Столько длинных дней зачёркнуто булавкой. Солнце сделало большой круг; я тоже прошёлся по кольцу и возвращаюсь теперь к исходной точке. А умирать мне хочется ещё меньше, чем хотелось год назад…
При чём здесь судьбы мира?! Да, сейчас я один и постараюсь быть честным с самим собой, и скажу себе: мне было бы приятнее умирать… зная, что и весь мир вскорости накроется тазом. «Петля тумана на мёртвой шее…» Может быть, моё счастье, что я не доживу?!
Небо, какая я сволочь. Какое счастье, что никто не проберётся в мои мысли…
Дарить или нет сапоги? Если дарить — значит, я верю, что мир продолжится, солнце будет по-прежнему греть людям затылки, за летом придёт осень и какому-то бродяге ещё послужит моя обувка…
— Ретано… — голос Аланы.
Я дёрнулся, как будто меня застукали на горячем. Как будто жена умеет читать мои мысли; нет, я не желаю, чтобы меня видели. Я ни с кем не стану говорить.
— Ретано, мы… послушай. А ЗАЧЕМ тебе был дан этот год?
Зачем старику даны были сутки, а разбойнику — месяц? Судья — не значит палач. Мы сами себе палачи…
— А что, если… это испытание?
Испытание на прочность. Сойдёшь ли с ума, повесишься ли раньше срока, тем самым посрамив Правосудие…
— Ретано, — хрипло сказала Алана. — Я не хочу, чтобы ты умирал.
Ох и холодное намечается лето…
— Ступай, я сейчас приду, — проговорил я, глядя на реку. — Как-то не принято обуваться при дамах.
* * *
Люди Солля добыли где-то лодку. Добротную, смолёную, почти новую; сперва я споткнулся, потом пошёл быстрее, потом побежал.
Эгерт улыбался. И так, с улыбкой, говорил о чём-то своим собравшимся вокруг ученикам; плечи Соллевых выкормышей плотно смыкались, не желая пропускать меня в тёплую компанию, — однако я, если захочу пройти, то проберусь и сквозь стенку.
— Не снесёт к камням… сверху.
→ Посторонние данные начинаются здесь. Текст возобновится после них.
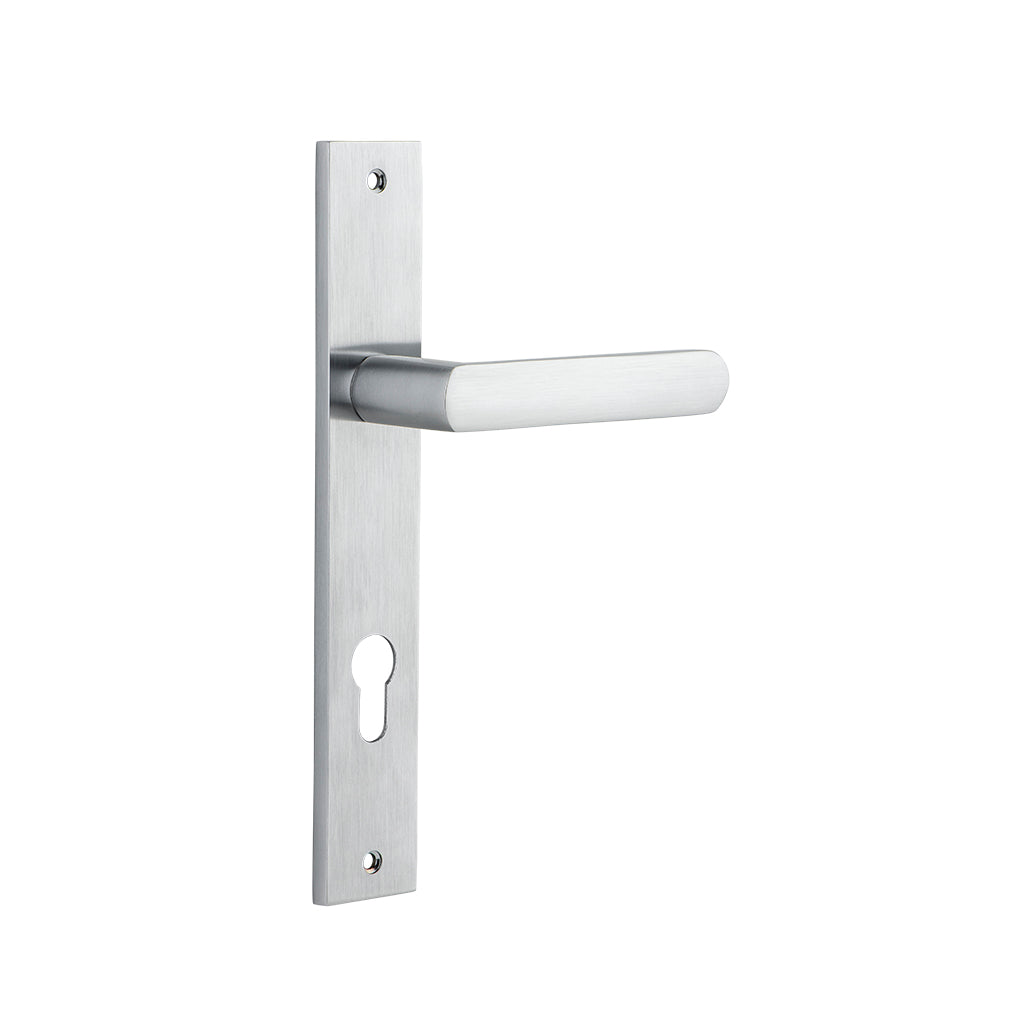 Osaka Lever - Rectangular Backplate Brushed Chrome / Entrance / Lever Set Only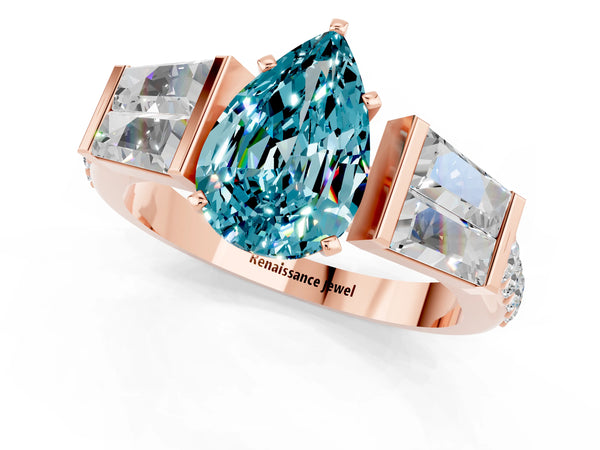 Rose gold Pear Cut Blue Topaz Engagement Ring with Baguette Side Stones and Channel Set Band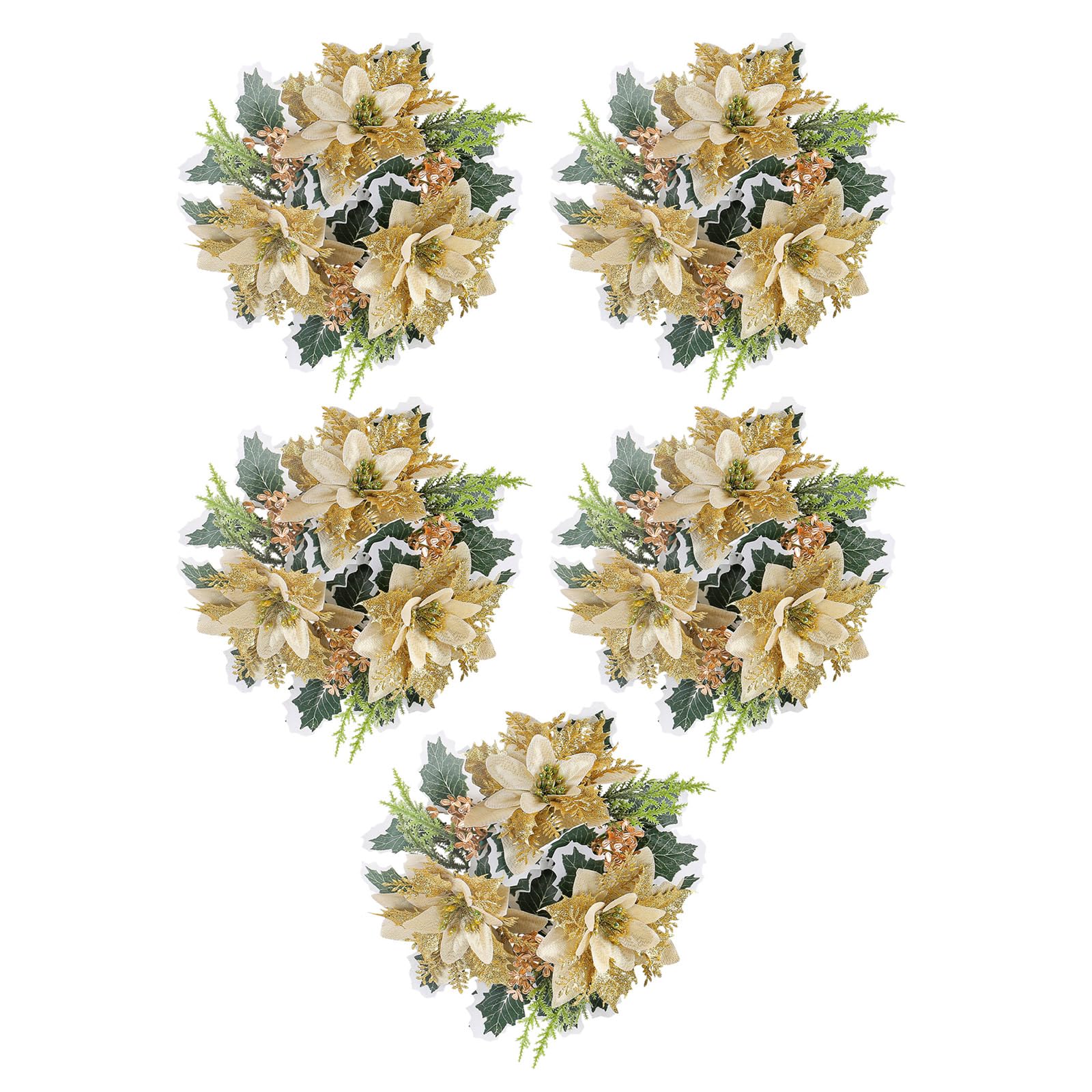 Tsophreniq 5Pcs Christmas Cheer Holder Wreaths with Pinecones for Holders Decorations Wreath Holiday Centerpiece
Нет, Аген, ты останешься за старшего и проследишь, чтобы женщины…
Тут он заметил меня, и уголки его губ опустились:
— Господин Рекотарс, я был бы благодарен, если бы вы дали мне возможность поговорить с моими людьми.
— Для переправы, — сказал я, удерживая сбившееся дыхание, — уместнее сейчас не лодка, а плот. Лодка перевернётся.
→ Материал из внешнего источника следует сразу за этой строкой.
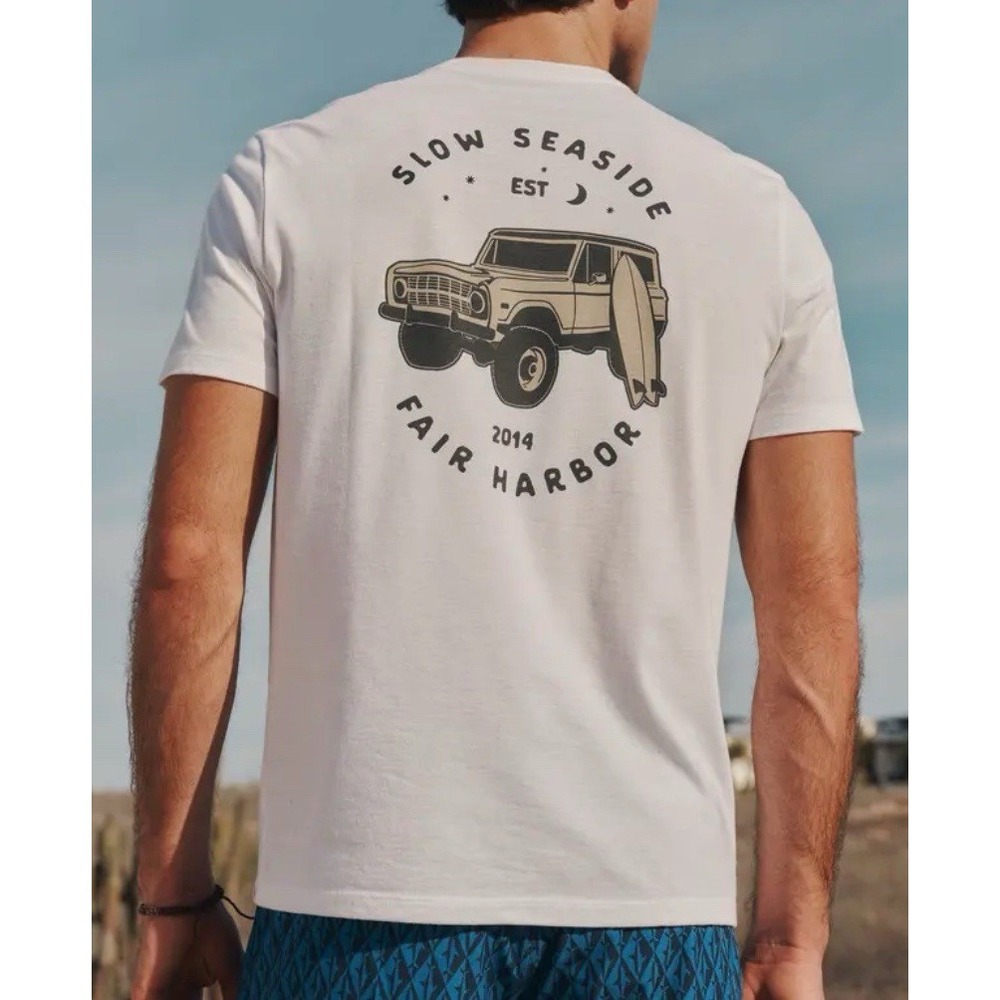 Fair Harbor Kismet Tee | White Slow Seaside Bronco Large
Он разозлился теперь уже по-настоящему, однако сумел совладать с собой:
— Позвольте мне решать, что уместнее для переправы… Отойдите.
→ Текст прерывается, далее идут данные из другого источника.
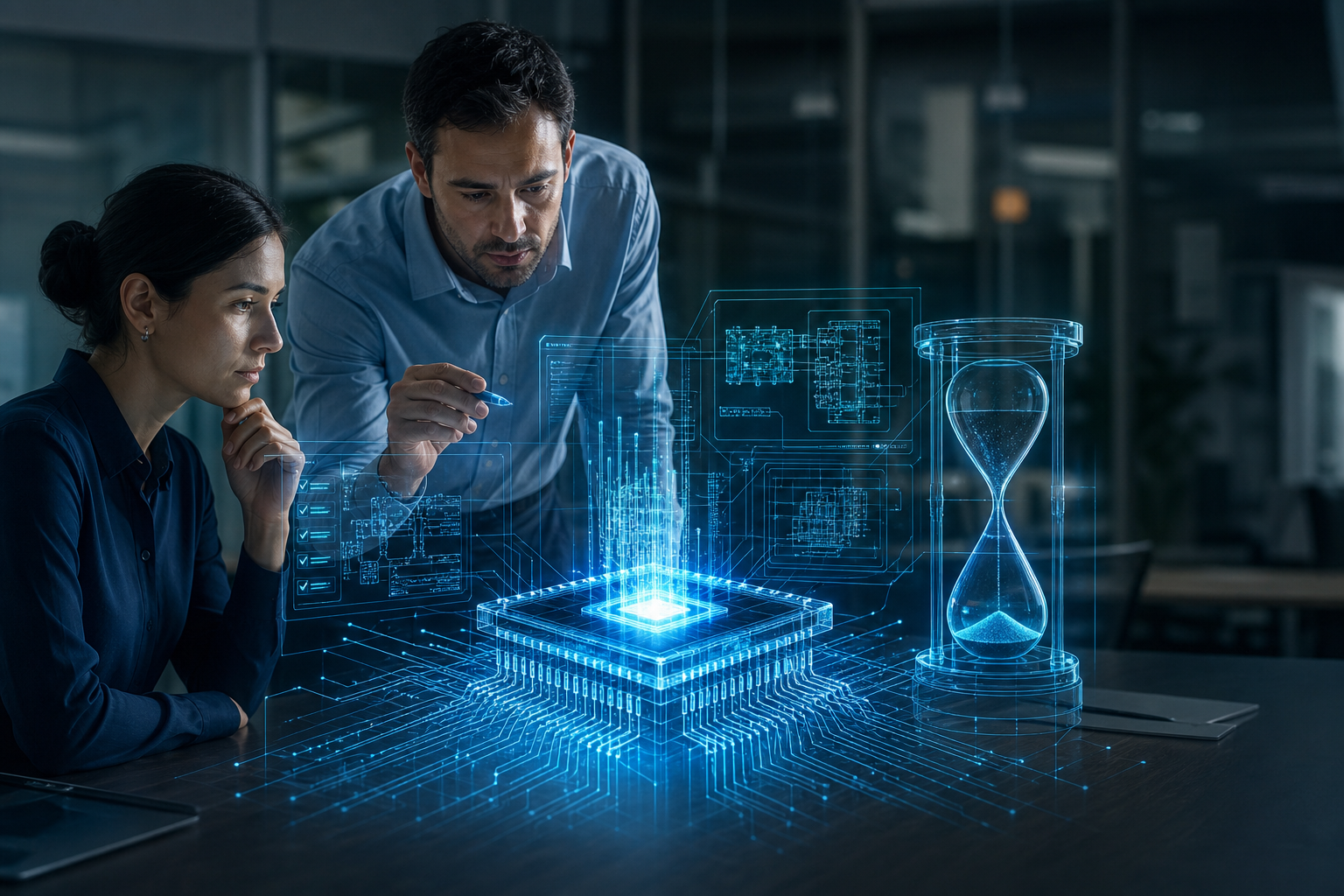AI and human architects completing processor design in fortnight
— Милейший полковник, — сказал я, распаляясь от собственной дерзости. — Через несколько дней я так и так избавлю вас от своего назойливого присутствия. И вы выберете для дочери мужа по своему вкусу; сейчас же, пока я жив, извольте принимать меня всерьёз!!
Ребята Солля вопросительно посмотрели на начальника. Ждали, вероятно, команды, чтобы взять меня за шиворот и забросить куда подальше; полковник молчал.
— Я тоже кое-чего стою, — сказал я тоном ниже.
Красивый рот полковника едва заметно дрогнул. Эгерт Солль сомневался в моих словах.
* * *
…Ехали молча.
Время утекало, и не только моё время; там, за преградой из несущейся жёлтой воды, бесстрастно смотрела на мир госпожа Тория Солль, та, которую я никогда не видел, та, которая должна была привести Чонотакса Оро к Двери, к Луару, к Амулету. Судьба мира нисколько не интересовала меня, судьба Тории тревожила, но чисто умозрительно; Алана, моя жена, и Танталь, бывшая комедиантка, — только ради этих двоих я преодолевал оцепенение подступающей смерти.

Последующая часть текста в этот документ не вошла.